The Pennsylvania State Police (PSP) is the state police agency of the U.S. state of Pennsylvania, responsible for statewide law enforcement. The Pennsylvania State Police is a full service law enforcement agency which handles both traffic and criminal law enforcement. The Pennsylvania State Police was founded in 1905 by order of Governor Samuel Pennypacker, by signing Senate Bill 278 on May 2, 1905. The bill was signed in response to the Great Anthracite Strike of 1902. Leading up to the Anthracite Strike, private police forces (the coal and iron police) were used by mine and mill owners to stop worker strikes. The inability or refusal of local police or sheriffs' offices to enforce the law, directly influenced the signing of Bill 278. The Anthracite Strike lasted from May 15 to October 23, 1902, and ended with the help of Theodore Roosevelt, the sitting president at the time. Roosevelt was outspoken in his admiration for the Pennsylvania State Police, having this to say, "The Pennsylvania State Police are a spirited force not to be bought, bent, confused, alarmed or exhausted", and "I feel so strongly about them that the mere fact a man is honorably discharged from this force would make me at once, and without hesitation, employ him for any purpose needing courage, prowess, good judgment, loyalty, and entire trustworthiness."

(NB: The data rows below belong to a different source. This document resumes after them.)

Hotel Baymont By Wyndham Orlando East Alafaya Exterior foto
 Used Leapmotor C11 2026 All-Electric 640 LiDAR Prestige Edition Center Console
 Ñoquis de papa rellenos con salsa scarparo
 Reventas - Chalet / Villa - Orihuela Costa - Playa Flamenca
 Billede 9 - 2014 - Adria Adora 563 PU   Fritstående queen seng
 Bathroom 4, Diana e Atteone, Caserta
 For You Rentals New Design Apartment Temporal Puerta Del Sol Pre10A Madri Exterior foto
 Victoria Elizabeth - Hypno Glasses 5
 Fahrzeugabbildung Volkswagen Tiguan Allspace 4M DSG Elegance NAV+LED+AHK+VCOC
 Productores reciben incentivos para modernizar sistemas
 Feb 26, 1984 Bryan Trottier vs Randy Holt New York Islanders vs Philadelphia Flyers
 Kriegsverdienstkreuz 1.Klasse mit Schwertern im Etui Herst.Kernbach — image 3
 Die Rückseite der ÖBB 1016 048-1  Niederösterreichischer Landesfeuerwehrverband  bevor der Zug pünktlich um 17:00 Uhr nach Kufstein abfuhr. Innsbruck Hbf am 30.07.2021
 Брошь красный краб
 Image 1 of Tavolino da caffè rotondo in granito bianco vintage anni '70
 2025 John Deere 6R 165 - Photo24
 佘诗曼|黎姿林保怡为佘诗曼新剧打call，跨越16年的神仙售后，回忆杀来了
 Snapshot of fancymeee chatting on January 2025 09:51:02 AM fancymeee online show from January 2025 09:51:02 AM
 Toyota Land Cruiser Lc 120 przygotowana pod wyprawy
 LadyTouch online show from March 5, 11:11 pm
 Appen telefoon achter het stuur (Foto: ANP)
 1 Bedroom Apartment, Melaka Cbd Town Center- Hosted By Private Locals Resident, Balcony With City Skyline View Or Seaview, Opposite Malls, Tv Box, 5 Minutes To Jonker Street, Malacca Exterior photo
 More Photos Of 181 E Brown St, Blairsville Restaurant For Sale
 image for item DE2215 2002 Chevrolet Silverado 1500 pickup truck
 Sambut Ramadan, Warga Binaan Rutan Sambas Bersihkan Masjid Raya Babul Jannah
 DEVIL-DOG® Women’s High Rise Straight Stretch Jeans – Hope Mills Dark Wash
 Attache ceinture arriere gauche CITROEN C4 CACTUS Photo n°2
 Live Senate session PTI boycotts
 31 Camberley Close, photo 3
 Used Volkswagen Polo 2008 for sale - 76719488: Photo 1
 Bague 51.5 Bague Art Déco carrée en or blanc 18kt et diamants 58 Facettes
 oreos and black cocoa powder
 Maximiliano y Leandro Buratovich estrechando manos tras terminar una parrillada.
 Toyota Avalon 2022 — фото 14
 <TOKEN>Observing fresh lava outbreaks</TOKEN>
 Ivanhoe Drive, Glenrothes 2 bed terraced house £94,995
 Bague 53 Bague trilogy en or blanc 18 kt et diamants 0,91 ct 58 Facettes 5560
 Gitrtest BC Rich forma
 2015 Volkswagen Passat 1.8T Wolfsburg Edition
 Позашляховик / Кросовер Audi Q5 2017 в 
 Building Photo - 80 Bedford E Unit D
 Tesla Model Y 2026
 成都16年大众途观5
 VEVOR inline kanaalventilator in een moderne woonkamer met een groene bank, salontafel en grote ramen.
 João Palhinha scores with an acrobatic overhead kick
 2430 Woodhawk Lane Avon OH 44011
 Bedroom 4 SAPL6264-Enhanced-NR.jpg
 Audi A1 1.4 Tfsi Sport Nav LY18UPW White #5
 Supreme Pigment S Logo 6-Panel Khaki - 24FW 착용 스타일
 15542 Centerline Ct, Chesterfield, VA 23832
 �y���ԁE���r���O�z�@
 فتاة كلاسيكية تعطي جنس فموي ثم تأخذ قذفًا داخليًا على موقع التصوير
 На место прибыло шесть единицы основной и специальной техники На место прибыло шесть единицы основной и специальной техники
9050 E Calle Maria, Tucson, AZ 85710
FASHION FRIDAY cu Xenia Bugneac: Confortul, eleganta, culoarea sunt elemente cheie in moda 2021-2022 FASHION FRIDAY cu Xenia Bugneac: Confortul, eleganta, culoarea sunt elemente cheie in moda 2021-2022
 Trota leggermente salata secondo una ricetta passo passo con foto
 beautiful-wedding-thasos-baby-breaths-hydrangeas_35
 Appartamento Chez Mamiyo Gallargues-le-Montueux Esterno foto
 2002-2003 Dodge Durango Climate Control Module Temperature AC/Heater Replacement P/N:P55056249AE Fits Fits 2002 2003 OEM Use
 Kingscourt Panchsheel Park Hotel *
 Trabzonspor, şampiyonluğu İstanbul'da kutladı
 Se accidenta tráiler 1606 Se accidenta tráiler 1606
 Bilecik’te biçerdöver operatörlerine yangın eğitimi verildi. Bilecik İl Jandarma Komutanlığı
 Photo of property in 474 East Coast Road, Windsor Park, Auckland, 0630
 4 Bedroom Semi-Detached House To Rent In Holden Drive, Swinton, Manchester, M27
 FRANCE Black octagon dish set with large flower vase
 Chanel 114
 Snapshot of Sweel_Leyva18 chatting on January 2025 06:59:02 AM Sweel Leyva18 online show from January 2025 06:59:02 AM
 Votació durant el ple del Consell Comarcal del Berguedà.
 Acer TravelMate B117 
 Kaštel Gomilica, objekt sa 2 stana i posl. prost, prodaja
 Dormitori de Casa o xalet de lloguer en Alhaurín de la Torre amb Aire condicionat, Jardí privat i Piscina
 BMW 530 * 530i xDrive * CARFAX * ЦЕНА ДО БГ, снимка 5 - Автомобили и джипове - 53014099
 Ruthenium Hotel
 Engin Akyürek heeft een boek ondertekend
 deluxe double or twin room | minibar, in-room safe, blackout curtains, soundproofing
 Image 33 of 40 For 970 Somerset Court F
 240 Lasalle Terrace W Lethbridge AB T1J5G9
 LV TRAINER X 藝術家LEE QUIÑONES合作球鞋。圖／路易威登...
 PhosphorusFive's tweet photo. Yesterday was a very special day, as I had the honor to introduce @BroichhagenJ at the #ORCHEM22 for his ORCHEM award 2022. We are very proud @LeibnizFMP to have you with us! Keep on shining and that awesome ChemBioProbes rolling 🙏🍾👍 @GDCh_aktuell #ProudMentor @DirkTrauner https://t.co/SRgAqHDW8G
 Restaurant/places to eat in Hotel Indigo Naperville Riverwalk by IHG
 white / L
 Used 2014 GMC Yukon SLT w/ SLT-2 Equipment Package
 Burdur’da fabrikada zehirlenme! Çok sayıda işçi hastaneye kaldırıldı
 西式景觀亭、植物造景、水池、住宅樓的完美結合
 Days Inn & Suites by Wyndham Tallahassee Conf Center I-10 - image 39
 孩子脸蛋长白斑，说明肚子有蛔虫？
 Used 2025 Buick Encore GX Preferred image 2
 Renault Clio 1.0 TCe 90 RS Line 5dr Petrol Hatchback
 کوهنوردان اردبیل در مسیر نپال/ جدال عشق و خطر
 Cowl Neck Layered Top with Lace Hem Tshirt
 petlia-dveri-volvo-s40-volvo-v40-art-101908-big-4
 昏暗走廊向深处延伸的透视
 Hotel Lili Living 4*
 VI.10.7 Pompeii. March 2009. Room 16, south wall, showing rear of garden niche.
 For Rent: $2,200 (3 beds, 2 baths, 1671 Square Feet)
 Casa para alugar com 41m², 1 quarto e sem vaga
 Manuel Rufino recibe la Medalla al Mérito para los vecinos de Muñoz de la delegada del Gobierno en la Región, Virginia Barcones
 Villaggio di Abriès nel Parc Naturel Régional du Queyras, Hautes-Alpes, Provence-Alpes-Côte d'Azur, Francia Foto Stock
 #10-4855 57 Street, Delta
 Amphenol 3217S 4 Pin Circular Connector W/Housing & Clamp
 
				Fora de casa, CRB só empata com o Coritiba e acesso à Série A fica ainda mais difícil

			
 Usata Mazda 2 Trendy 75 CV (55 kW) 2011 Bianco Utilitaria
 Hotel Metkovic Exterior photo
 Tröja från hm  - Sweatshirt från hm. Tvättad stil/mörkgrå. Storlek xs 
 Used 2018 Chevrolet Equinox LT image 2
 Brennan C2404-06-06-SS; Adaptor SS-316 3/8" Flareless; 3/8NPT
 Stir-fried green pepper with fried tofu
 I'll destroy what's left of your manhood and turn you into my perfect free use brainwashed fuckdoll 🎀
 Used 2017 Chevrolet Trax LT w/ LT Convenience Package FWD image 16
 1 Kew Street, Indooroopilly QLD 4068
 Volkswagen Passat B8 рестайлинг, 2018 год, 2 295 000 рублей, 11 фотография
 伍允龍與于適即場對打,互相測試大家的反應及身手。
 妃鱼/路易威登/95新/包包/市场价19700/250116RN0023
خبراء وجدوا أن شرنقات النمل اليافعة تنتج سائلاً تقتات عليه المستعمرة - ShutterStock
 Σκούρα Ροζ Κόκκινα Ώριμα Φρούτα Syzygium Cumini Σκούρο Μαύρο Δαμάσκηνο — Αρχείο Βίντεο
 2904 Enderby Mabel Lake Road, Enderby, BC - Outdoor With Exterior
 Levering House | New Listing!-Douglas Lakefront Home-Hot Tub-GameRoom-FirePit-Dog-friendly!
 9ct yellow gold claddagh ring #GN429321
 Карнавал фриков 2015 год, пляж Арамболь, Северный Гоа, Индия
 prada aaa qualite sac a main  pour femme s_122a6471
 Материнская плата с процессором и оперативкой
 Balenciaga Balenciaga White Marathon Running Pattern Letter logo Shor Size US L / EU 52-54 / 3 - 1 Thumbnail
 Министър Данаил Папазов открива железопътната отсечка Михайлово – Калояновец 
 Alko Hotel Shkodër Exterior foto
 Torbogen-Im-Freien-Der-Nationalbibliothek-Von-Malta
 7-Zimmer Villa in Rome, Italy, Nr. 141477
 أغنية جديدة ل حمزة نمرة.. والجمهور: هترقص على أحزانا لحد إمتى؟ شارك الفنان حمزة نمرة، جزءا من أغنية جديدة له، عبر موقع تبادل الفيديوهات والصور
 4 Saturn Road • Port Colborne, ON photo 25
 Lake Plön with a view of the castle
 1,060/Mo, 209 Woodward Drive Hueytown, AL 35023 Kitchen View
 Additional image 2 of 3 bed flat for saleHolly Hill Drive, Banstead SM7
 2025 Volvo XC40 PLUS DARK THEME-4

PSP enlisted members are referred to as "Troopers". Up until 1963, married men were not allowed to apply to the state police, and active troopers had to seek permission from their superior officer to get married. As of 2018, the state police has approximately 4,255 state troopers, 5% of them being women, and more than 1,850 civilian support staff.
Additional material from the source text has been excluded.